• _Exercise requirements_
Reproduce every entry that follows word for word, but omit the images.

[Stored data entries]

·····

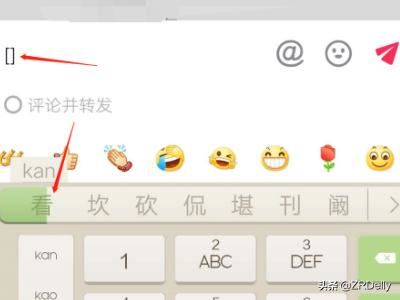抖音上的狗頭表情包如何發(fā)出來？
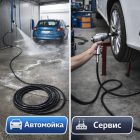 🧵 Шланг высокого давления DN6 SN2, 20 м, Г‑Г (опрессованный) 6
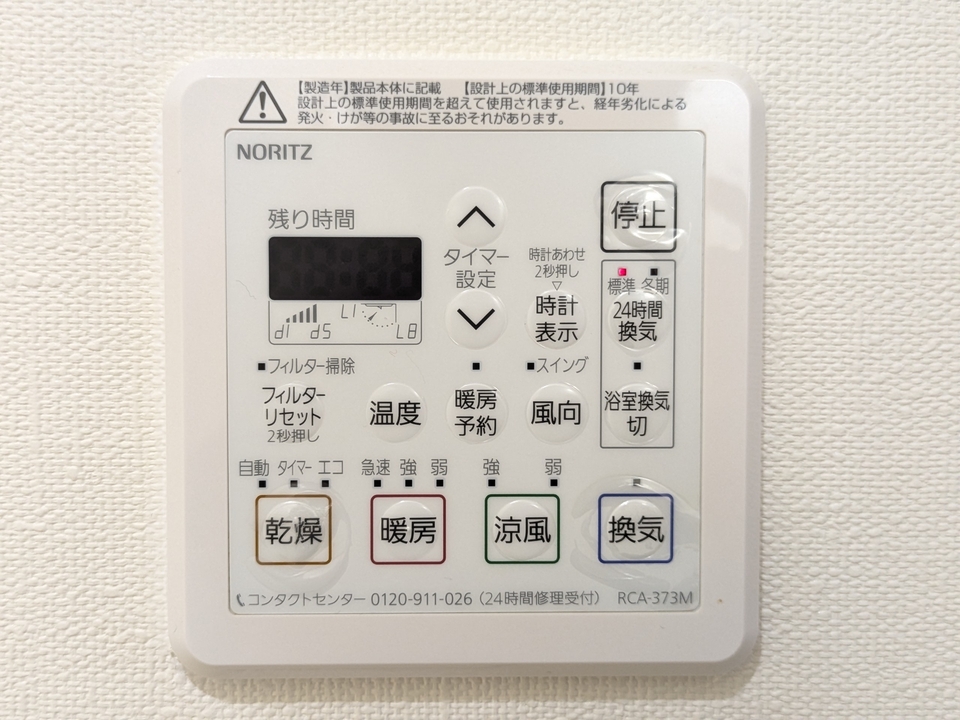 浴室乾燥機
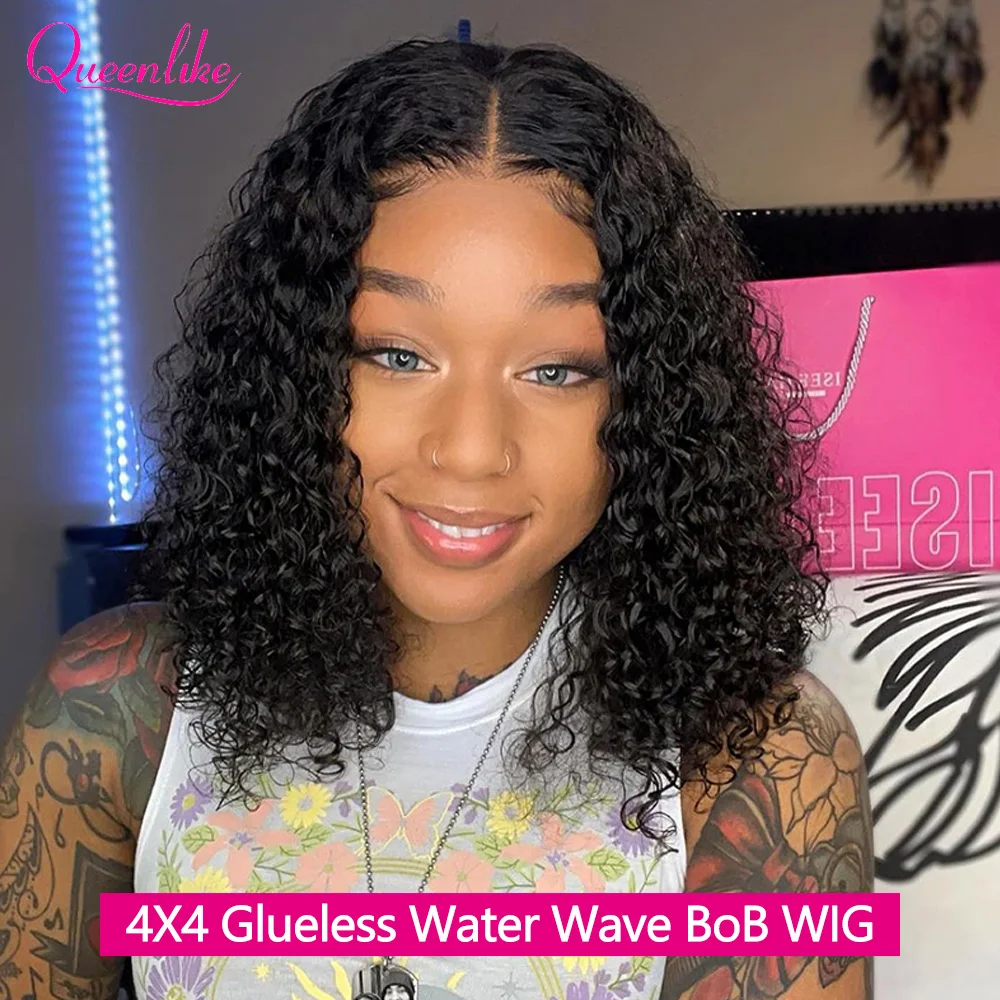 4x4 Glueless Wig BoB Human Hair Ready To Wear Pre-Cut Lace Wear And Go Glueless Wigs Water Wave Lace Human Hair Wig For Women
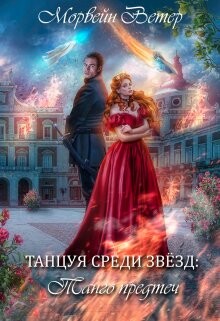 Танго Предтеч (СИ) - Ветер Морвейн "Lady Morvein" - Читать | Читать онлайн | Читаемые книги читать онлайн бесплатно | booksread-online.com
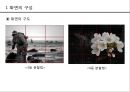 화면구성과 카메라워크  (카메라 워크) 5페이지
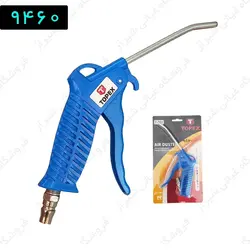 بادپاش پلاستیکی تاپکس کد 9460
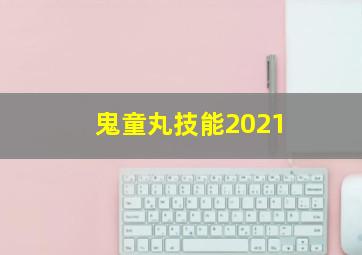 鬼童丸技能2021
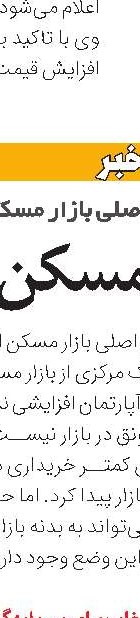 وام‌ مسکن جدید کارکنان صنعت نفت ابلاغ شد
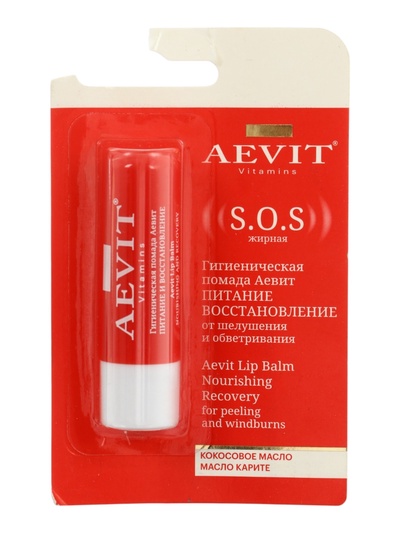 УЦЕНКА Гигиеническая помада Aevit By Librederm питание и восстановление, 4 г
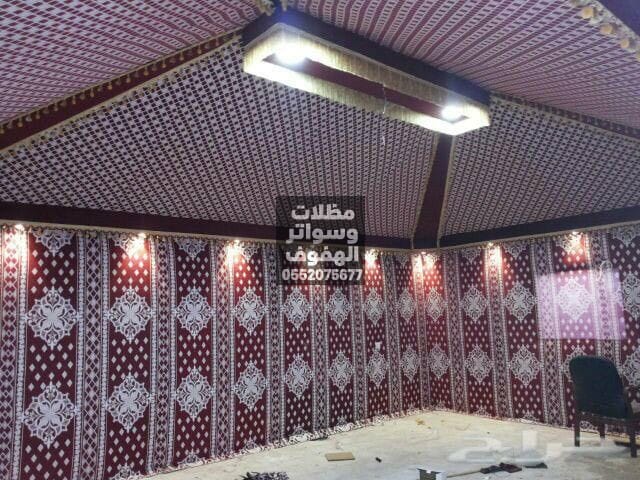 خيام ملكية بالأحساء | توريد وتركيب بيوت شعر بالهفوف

·····

• _Result_
抖音上的狗頭表情包如何發(fā)出來？
 🧵 Шланг высокого давления DN6 SN2, 20 м, Г‑Г (опрессованный) 6
 浴室乾燥機
 4x4 Glueless Wig BoB Human Hair Ready To Wear Pre-Cut Lace Wear And Go Glueless Wigs Water Wave Lace Human Hair Wig For Women
 Танго Предтеч (СИ) - Ветер Морвейн "Lady Morvein" - Читать | Читать онлайн | Читаемые книги читать онлайн бесплатно | booksread-online.com
 화면구성과 카메라워크  (카메라 워크) 5페이지
 بادپاش پلاستیکی تاپکس کد 9460
 鬼童丸技能2021
 وام‌ مسکن جدید کارکنان صنعت نفت ابلاغ شد
 УЦЕНКА Гигиеническая помада Aevit By Librederm питание и восстановление, 4 г
 خيام ملكية بالأحساء | توريد وتركيب بيوت شعر بالهفوف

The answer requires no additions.